Beware of Darkness

At my grandmother’s funeral, my father’s eulogy spoke about her love and kindness, and how she showed it by heaping upon him ladles after ladles of food. Now that my father himself is slipping away, I realise that it’s the same with him, only his ladles are books and stories. Each of his published works are dedicated to those he loves; he wrote them with us in mind.

Beware of darkness, that’s not what you are here for

George Harrison

For many years, I tried to distance myself from my father, artistically. We have the same name, and both published under it. My attempts at disambiguation failed and only resulted in diverting my readership towards Dad’s books.

Now that I’m on the brink of losing him, I feel how foolish this was. There is no true separation, artistically or otherwise.

It is one of my life’s great joys that I travelled awhile with him on our respective writing journeys. We share the same teacher, mentor, and circle of writing friends. We attend the same residential, and we collaborate on a fantastic novel, the writing of which is the most fun I’ve never had.

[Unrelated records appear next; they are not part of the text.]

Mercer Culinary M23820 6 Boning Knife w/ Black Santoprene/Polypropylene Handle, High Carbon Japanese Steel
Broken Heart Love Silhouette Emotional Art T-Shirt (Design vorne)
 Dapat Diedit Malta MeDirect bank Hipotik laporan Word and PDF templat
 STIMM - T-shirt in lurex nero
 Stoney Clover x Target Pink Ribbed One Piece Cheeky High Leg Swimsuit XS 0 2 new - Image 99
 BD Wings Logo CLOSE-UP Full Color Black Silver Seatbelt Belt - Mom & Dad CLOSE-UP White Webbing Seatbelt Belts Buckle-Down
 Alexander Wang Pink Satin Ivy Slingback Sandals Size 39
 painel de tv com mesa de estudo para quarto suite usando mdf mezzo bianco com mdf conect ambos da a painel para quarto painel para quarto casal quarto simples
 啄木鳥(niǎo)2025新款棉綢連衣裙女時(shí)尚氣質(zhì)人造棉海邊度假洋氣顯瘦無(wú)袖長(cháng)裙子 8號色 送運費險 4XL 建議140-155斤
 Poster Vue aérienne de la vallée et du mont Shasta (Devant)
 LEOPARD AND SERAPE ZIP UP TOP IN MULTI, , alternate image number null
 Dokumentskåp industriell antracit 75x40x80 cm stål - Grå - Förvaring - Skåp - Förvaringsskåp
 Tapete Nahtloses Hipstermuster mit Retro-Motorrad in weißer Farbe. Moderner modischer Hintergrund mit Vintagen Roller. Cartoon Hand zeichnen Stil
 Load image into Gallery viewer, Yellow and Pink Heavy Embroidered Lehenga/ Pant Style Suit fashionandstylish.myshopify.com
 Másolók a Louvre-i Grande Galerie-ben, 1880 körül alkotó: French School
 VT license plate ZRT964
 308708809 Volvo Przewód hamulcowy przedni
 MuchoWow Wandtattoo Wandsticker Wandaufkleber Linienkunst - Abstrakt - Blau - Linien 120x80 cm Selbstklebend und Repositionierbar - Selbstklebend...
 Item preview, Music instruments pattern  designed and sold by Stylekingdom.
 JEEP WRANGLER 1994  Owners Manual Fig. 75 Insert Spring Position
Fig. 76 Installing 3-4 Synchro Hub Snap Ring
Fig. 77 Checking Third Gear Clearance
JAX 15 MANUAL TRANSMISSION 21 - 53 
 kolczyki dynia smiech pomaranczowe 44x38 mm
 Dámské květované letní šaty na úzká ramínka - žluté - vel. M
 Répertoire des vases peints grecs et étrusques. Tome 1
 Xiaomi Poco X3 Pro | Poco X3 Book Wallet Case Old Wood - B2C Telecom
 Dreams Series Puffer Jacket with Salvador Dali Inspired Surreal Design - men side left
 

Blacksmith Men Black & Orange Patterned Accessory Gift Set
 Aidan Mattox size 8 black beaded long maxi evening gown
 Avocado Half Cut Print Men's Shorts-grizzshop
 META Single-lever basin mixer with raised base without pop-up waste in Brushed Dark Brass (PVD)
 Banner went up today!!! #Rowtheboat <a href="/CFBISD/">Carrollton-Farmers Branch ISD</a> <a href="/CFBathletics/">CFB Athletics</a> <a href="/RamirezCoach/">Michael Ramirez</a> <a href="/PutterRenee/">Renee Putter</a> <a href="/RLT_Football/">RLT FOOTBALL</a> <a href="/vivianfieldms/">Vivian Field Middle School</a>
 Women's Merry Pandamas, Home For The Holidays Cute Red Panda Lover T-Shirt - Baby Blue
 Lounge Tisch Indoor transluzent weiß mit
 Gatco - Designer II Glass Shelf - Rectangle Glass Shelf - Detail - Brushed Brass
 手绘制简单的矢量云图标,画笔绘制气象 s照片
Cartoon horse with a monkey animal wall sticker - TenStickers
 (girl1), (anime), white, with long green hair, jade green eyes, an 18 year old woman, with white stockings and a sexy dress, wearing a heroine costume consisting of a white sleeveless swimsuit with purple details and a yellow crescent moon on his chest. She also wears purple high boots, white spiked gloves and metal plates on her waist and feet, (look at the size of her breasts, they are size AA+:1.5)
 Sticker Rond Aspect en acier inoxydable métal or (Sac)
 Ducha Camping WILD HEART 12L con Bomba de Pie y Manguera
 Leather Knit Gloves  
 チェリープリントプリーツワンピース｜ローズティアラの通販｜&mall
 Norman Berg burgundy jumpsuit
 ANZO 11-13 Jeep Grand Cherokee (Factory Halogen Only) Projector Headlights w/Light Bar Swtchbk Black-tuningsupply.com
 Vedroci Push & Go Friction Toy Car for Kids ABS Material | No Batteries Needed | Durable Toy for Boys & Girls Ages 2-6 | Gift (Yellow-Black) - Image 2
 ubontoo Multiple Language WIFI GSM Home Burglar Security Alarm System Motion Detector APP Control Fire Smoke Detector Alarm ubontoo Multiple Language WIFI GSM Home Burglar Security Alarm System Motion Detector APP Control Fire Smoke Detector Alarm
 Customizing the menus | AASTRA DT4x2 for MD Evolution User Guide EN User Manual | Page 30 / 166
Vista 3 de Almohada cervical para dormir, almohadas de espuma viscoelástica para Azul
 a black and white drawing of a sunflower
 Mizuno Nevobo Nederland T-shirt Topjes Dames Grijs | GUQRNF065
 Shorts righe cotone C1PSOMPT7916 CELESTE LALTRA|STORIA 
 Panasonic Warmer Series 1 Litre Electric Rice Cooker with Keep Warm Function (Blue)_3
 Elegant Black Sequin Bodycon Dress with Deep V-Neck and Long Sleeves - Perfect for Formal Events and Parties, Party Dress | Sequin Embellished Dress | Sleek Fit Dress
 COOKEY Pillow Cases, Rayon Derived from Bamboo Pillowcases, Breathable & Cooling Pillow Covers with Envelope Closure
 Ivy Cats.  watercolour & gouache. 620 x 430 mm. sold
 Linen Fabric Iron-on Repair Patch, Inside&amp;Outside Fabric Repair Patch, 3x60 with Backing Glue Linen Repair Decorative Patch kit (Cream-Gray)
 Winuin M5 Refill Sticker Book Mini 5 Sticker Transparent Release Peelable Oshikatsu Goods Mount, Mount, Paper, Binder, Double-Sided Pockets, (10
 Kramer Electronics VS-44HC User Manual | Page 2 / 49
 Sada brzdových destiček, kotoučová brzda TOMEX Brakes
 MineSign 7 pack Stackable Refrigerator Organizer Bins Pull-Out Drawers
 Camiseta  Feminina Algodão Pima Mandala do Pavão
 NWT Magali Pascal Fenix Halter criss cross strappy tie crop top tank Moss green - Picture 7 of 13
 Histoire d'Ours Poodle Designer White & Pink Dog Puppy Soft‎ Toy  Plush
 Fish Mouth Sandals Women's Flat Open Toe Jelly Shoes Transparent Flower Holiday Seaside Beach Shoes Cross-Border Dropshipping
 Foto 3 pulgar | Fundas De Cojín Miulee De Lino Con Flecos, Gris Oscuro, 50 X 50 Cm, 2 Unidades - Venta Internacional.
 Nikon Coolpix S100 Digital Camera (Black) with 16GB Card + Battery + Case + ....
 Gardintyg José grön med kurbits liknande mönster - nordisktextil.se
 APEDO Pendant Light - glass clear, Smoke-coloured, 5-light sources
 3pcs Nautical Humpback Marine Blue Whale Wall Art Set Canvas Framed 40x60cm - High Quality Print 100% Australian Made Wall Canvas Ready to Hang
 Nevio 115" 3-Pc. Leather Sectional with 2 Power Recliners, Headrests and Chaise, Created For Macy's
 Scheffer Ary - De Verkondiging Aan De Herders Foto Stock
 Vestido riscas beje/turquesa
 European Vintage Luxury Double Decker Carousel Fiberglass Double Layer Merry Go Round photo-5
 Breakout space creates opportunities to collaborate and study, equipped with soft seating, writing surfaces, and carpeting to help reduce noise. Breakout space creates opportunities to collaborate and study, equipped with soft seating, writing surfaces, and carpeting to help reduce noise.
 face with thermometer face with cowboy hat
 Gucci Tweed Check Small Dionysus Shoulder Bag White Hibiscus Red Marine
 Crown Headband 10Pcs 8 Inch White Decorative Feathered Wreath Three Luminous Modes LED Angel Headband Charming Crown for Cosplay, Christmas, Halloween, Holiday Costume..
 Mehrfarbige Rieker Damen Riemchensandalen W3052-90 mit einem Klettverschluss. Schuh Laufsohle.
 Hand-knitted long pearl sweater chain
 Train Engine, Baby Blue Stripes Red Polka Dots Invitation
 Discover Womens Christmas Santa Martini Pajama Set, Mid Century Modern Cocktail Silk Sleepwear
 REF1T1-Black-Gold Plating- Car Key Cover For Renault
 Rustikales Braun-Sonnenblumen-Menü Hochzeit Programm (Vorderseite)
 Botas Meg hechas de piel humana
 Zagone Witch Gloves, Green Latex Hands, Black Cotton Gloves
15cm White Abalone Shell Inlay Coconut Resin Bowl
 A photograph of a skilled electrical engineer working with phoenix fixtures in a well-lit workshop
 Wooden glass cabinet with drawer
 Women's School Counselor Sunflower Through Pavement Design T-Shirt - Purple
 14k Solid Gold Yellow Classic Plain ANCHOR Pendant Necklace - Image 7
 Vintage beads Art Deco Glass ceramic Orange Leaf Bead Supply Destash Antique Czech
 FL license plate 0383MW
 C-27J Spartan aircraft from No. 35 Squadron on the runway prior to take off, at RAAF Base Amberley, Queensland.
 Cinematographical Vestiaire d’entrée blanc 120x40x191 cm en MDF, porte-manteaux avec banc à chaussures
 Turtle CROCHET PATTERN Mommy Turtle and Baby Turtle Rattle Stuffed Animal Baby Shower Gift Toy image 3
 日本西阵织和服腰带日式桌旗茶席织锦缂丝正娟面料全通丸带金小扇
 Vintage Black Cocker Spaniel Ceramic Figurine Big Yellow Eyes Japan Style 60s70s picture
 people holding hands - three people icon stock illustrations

Dad was published first, so he always walks ahead on our journey. He encourages me and my books as if they were his own. He says, ‘keep going,’ whenever I show him something that isn’t quite right. I know when he stops encouraging me like this that he has accepted my writing, trusting it to be as good as his own.

So, I have no right to expect any separation, there is only continuity. My mind is a progression of my father’s, my soul an extension of his.

He is preparing to journey further ahead, and I am in no hurry to catch up, nor am I rushing to extricate my identity from his. Dad exists in my writing, and I am closer to him now, than ever.

There is no time for sadness, or regret that we won’t have him with us for longer. There is too much inspiration to take from him, and to put into my writing.

One of Dad’s heroes is George Harrison, who sang it best, ‘beware of darkness, that’s not what you are here for.’

The three best works of D J Harrison

1) Due Diligence – dedicated to his wife
His best-selling debut crime thriller that introduced the irrepressible northern heroin, Jenny Parker. There is sex, violence, intrigue and childcare, but it’s in between those scenes where things really get interesting.

2) Secret of the Scroll – dedicated to his grandchildren
The first in his fantasy trilogy, this had the working title Tyrant, (or the Liar, the Witch and the Wormhole). This is the one that introduces us to the wonderfully reluctant hero, Tyrant, and which coined the new collective noun, a torrent of demons.

3) Anomaly – dedicated to his sons
Perhaps his best work, this sci-fi is reminiscent of Banks and Corey. Pure class, this is Chandler in space, a cosmic Vonnegut. Just like him.